Segment Open

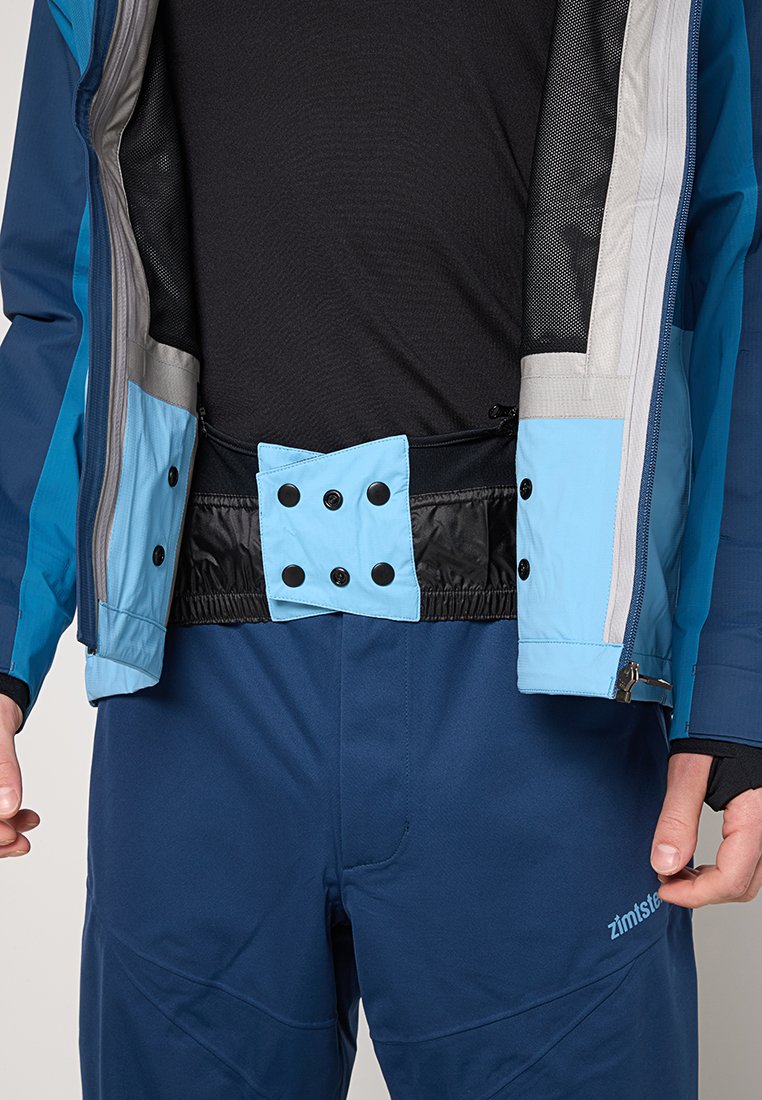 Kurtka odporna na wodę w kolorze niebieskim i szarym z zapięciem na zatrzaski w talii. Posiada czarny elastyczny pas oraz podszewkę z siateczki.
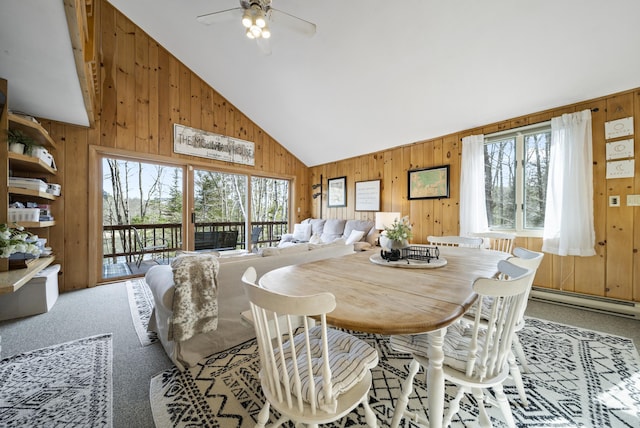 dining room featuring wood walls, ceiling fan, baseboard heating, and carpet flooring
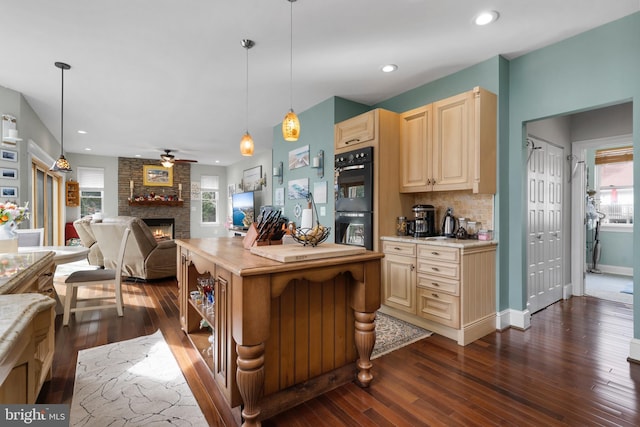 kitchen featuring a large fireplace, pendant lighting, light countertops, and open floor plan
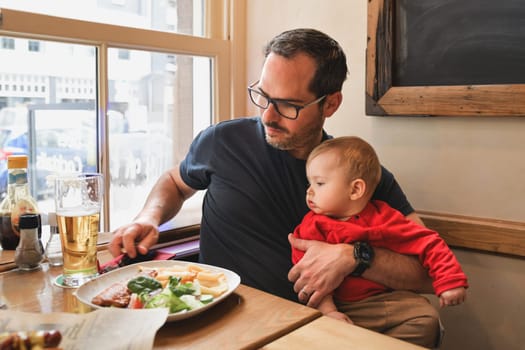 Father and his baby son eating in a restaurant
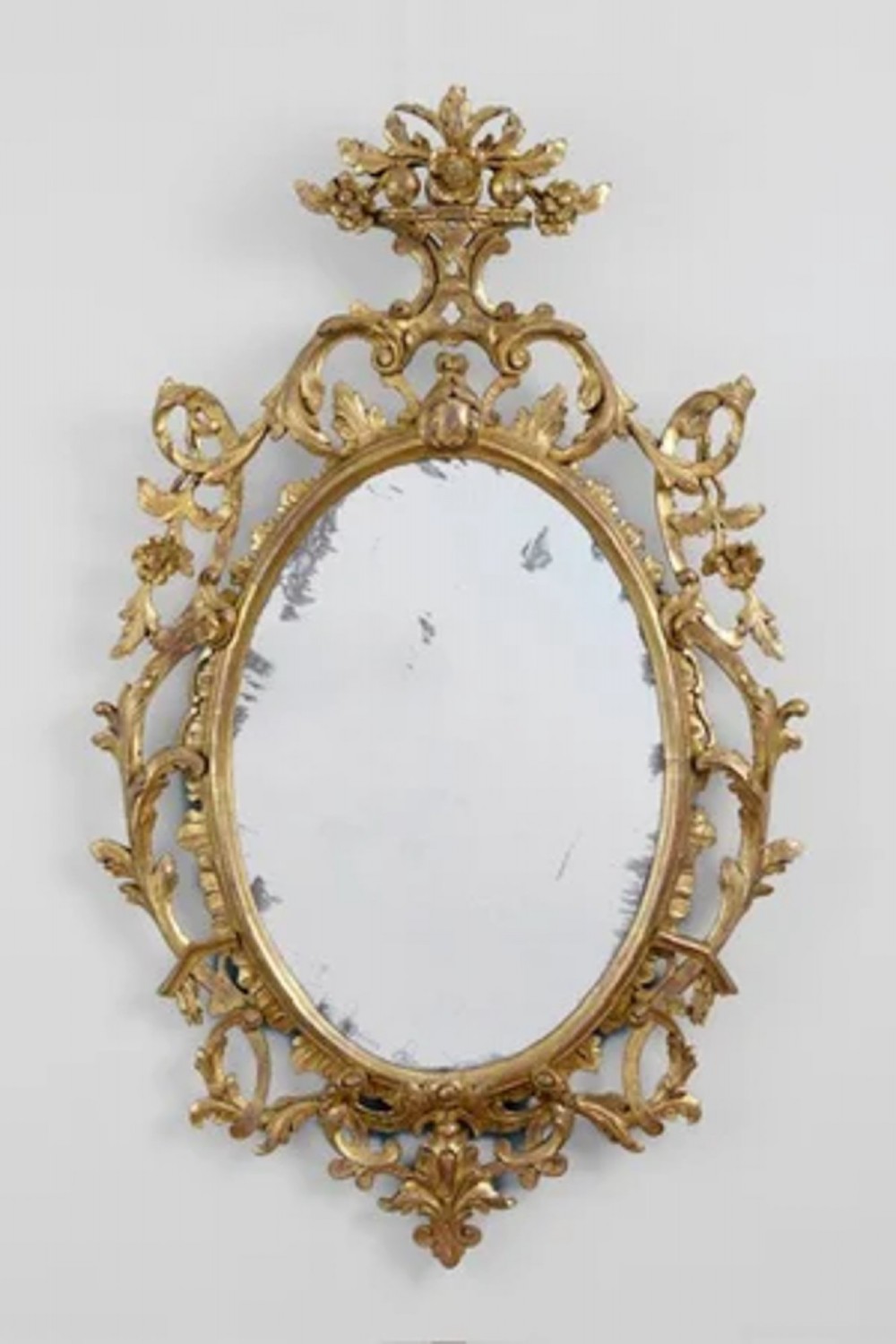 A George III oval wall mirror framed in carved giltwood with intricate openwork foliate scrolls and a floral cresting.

Segment Closed
Segment Open

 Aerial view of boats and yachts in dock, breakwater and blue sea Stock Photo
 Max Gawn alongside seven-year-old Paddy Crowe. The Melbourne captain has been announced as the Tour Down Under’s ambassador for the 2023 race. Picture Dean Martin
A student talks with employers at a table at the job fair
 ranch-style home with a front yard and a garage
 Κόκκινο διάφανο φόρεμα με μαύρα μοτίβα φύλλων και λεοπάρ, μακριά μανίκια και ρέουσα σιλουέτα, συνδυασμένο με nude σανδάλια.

Segment Closed

Reproduce exactly the lines above starting at the line containing "Kurtka odporna na" and ending at the line containing "A George III", including both, but not the pictures.

● **Task output**:
 Kurtka odporna na wodę w kolorze niebieskim i szarym z zapięciem na zatrzaski w talii. Posiada czarny elastyczny pas oraz podszewkę z siateczki.
 dining room featuring wood walls, ceiling fan, baseboard heating, and carpet flooring
 kitchen featuring a large fireplace, pendant lighting, light countertops, and open floor plan
 Father and his baby son eating in a restaurant
 A George III oval wall mirror framed in carved giltwood with intricate openwork foliate scrolls and a floral cresting.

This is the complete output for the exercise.